Set down without change every line from the line that contains "Upstairs showing kitchen & dining area" through the end of the listing, and only those lines. No pictures.

▶ Data supplied

◇ ◇ ◇

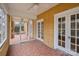Charming screened-in porch boasting a brick floor, ceiling fan, and access to the home's interior at 333 7Th Nw St, Hickory, NC 28601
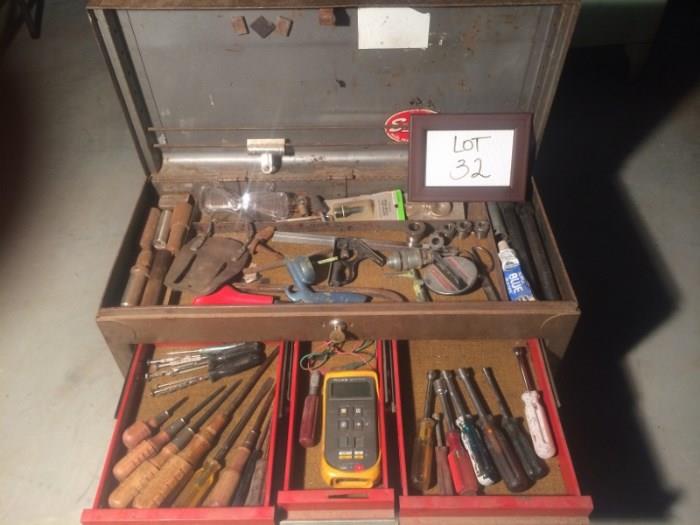 Metal tool box with key. Included are assorted tools seen in the pictures. Multimeter works. Items are in fair condition.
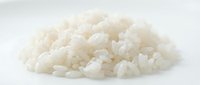 Pile of cooked white rice grains isolated on white background, ready for food and culinary design projects, cooking websites, recipe blogs, and restaurant menus.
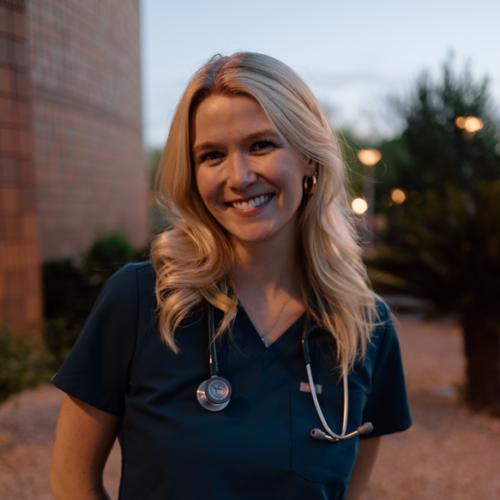woman with blond hair and blue scrubs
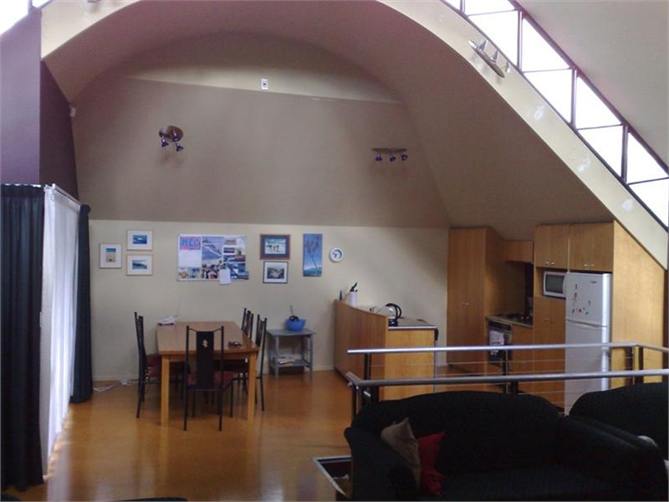 Upstairs showing kitchen & dining area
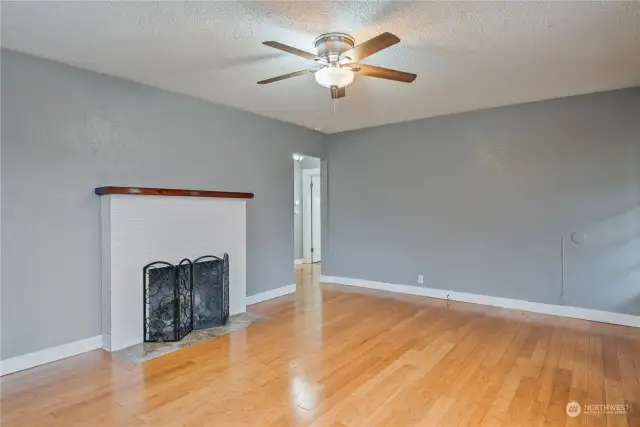 Living room with bamboo flooring and wood burning fireplace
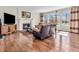 Inviting living room featuring a fireplace, hardwood floors, comfortable seating, and natural light from large windows at 10792 Harbor Bay Dr, Fishers, IN 46040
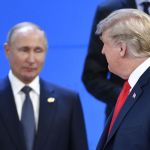 Two men in suits looked at each other.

◇ ◇ ◇

▶ Exercise response
 Upstairs showing kitchen & dining area
 Living room with bamboo flooring and wood burning fireplace
 Inviting living room featuring a fireplace, hardwood floors, comfortable seating, and natural light from large windows at 10792 Harbor Bay Dr, Fishers, IN 46040
 Two men in suits looked at each other.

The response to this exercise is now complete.